Despite Environment Minister Tanya Plibersek calling on the supermarkets to step up and find a viable solution to allow Australians to continue to recycle, a year came and passed, with no single cohesive program appearing to deal with Australia’s soft plastic waste. (You’d think with those profits they’ve been recording this past year, they’d be looking for solutions…)

Understanding Soft Plastics: The Packaging Predicament

Soft plastics are a ubiquitous part of our lives, found in plastic bags, pasta and rice bags, lolly and biscuit packets, fresh fruit and veg bags, frozen food bags, magazine and newspaper wrapping, cling wrap, and bubble wrap.

Why are Soft Plastics So Commonly Used?

Soft plastics are chosen for packaging due to their versatility, lightweight nature, and cost-effectiveness. They provide an excellent barrier against moisture, oxygen, and light, extending the shelf life of products and reducing food waste. Moreover, their flexibility allows for convenient packaging solutions, making them a popular choice for consumers and businesses alike.

Challenges of Soft Plastic Recycling

Despite their convenience and widespread use, soft plastics present significant challenges in the recycling process. When mixed with other recyclables like glass, paper, and metal, soft plastics can contaminate the recycling stream, compromising the quality of the recycled materials. Moreover, the mechanical recycling process used for rigid plastics is often not suitable for soft plastics, as they can become entangled in machinery or melt at different temperatures, leading to processing issues and decreased recycling efficiency.

Hope on the Horizon

If you’re lucky enough to live near one of the 12 Melbourne stores offering the trial service again, then you can start recycling your soft plastics again! Much like the original REDcycle scheme, the new small-scale trial in Victoria will see soft plastics collected, sorted, weighed and processed into a variety of products, including an additive for asphalt roads, a replacement for aggregate in concrete and a material for making shopping trolleys and baskets. To be a successful and lasting solution, the scheme must be cost-effective and suitably located, with established markets for the recycled products.

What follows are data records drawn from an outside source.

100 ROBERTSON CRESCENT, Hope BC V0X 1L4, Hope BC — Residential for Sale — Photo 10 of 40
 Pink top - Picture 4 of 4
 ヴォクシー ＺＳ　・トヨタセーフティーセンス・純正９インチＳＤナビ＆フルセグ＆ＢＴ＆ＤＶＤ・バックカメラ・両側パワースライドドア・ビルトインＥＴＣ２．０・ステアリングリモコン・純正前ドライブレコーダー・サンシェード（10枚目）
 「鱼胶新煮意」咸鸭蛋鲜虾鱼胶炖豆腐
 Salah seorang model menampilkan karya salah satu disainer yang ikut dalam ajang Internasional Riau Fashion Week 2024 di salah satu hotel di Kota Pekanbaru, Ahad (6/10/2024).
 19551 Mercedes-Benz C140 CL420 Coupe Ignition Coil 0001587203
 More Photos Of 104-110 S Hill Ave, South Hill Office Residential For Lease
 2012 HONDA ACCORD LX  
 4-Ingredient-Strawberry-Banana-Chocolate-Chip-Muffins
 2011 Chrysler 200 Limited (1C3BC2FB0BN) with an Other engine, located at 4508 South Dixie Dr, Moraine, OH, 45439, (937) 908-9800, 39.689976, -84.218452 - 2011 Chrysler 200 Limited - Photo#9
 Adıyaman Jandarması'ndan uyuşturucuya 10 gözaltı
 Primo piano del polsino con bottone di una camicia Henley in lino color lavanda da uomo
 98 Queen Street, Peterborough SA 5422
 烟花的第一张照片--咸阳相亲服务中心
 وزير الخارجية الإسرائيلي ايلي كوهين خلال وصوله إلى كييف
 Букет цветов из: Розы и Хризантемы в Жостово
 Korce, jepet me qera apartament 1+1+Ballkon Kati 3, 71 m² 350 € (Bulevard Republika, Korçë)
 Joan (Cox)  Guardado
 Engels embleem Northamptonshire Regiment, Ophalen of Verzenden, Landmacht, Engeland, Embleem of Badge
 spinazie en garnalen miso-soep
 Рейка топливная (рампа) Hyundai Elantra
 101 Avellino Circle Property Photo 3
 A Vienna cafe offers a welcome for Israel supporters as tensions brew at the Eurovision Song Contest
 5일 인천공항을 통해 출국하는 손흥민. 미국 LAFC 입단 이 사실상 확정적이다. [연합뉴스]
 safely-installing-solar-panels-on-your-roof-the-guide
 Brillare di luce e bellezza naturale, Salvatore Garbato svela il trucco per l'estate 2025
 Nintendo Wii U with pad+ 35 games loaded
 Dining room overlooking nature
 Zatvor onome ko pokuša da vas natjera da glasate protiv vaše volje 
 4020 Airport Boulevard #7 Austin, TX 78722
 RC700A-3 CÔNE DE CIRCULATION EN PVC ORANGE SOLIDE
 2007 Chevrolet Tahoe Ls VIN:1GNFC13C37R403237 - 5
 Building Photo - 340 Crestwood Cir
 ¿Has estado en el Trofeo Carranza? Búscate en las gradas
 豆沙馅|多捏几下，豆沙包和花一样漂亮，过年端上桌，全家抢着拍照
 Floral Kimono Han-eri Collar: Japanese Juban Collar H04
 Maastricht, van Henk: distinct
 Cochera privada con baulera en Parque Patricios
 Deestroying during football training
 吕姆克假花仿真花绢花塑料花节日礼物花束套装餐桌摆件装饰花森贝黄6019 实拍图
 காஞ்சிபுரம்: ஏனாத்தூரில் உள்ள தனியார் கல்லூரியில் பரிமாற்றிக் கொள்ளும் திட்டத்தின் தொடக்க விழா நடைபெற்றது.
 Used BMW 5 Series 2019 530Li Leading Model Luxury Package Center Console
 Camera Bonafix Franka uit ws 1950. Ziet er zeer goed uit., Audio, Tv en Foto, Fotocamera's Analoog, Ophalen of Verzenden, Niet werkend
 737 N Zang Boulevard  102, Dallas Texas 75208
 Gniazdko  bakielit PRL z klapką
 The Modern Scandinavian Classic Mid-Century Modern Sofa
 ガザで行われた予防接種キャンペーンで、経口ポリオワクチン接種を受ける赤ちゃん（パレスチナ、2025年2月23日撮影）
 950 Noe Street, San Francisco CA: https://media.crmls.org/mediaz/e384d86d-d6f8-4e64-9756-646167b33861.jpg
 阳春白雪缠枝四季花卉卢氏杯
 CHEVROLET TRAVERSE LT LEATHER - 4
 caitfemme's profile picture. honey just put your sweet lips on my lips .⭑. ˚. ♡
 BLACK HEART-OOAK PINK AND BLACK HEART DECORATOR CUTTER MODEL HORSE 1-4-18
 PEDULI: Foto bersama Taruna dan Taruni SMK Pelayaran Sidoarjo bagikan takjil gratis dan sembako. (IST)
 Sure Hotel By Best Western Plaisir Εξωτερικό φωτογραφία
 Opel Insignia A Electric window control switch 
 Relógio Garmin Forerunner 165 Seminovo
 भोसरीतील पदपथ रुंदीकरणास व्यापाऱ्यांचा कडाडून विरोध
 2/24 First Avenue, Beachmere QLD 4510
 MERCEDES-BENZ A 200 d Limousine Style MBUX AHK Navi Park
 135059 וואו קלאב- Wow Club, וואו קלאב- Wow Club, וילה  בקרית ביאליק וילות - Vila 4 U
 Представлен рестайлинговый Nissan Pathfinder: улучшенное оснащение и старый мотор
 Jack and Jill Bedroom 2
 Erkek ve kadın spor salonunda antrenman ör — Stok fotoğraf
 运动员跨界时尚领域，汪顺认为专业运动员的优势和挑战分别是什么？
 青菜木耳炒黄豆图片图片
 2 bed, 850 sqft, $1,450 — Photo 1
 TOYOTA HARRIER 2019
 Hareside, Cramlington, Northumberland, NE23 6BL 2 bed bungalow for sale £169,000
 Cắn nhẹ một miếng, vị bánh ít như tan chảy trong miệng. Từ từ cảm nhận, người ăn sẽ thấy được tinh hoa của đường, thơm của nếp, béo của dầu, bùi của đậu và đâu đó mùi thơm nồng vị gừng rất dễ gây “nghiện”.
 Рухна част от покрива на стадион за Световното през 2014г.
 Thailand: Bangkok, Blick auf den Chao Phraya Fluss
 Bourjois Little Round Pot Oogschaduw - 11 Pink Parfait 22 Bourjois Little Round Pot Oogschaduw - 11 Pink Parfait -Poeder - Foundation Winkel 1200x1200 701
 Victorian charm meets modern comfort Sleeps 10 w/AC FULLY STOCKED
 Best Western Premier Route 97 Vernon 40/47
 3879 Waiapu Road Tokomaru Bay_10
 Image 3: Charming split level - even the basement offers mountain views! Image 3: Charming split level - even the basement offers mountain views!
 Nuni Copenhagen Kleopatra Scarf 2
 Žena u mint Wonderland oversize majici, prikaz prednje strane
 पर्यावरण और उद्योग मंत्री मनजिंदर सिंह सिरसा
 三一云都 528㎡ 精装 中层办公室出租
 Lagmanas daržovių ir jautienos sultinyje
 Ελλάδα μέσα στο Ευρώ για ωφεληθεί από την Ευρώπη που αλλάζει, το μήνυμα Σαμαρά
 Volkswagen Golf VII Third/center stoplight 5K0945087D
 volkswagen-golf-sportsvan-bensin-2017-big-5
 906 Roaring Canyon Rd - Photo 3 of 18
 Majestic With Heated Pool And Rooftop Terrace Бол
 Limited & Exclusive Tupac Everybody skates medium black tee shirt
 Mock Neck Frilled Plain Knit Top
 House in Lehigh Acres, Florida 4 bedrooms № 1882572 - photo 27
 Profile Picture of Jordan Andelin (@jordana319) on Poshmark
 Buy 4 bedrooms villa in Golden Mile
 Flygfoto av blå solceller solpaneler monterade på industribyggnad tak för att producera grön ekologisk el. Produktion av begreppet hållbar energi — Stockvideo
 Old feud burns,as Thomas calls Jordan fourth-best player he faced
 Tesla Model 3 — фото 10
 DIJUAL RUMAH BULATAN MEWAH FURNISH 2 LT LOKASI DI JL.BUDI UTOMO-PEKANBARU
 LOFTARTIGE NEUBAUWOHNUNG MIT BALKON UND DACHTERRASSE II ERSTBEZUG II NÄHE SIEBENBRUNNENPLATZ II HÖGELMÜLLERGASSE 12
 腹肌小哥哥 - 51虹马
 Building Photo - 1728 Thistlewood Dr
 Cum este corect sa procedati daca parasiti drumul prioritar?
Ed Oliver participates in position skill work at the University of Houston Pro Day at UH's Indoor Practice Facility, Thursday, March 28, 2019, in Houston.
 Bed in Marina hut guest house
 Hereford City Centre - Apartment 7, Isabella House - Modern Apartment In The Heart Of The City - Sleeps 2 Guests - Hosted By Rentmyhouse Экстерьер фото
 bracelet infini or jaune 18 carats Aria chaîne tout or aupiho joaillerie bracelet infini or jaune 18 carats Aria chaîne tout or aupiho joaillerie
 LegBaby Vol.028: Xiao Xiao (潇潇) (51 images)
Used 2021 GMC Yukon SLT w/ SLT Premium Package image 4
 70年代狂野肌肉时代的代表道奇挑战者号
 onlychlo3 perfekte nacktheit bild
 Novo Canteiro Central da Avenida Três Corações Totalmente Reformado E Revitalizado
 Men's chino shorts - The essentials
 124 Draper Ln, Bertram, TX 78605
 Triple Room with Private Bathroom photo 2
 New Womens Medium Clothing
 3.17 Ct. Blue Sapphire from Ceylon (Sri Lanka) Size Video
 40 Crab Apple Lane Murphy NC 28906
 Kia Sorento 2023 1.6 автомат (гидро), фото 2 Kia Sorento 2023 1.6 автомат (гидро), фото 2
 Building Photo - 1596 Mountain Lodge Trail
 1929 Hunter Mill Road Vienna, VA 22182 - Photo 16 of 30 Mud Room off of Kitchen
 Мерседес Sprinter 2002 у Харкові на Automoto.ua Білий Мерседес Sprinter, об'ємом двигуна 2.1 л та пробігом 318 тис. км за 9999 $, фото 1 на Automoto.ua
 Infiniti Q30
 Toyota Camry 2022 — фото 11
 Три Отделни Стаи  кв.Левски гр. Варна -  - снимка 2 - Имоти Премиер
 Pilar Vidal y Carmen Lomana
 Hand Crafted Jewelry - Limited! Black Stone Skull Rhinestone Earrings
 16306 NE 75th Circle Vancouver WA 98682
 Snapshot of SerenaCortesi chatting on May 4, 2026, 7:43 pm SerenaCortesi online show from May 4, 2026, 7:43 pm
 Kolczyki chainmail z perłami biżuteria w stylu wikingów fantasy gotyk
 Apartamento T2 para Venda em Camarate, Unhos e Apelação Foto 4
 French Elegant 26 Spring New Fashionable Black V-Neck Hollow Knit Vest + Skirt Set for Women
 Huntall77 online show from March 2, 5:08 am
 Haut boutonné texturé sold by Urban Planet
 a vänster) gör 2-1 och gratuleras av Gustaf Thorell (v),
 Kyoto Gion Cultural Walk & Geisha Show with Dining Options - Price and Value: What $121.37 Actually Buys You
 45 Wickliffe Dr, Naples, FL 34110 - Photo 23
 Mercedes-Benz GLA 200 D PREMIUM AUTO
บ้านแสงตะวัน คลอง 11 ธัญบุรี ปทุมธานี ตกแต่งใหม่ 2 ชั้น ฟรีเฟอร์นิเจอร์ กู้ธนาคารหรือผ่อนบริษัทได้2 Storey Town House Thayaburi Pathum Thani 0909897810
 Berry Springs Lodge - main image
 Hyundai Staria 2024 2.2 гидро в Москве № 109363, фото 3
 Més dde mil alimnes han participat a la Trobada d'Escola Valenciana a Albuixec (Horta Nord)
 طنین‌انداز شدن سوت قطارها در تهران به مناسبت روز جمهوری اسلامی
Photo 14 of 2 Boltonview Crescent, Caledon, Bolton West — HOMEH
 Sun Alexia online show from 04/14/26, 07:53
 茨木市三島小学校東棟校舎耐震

While the recent trial service in Melbourne offers a glimmer of hope, its success underscores the need for scalable solutions nationwide. Expanding initiatives like these can revolutionise soft plastic recycling, paving the way for a circular economy and reduced environmental impact. 

What Can You Do?

If you’re not in the vicinity of the 12 stores, then don’t lose hope! While we wait for the government and industry to catch up, you’ve got a few options:

  • Do some research to see if your council has a soft plastic recycling program - some of them do!
  • Check out RecycleSmart, a service that picks up all your hard-to-recycle things, including soft plastics - head to their website at our link in bio to see if they operate in your area!
  • Empower yourself to make a difference by reducing your soft plastic consumption. 
  • Opt for products with minimal packaging, explore alternatives to single-use plastics, and support businesses that prioritise sustainable packaging solutions
  • Advocate for improved recycling infrastructure and policies in your community

As we navigate the complexities of soft plastic recycling, let's remember that every action counts. By raising awareness, adopting sustainable practices, and advocating for change, we can collectively create a brighter, greener future for generations to come. Together, let's turn challenges into opportunities and make a lasting impact on our planet.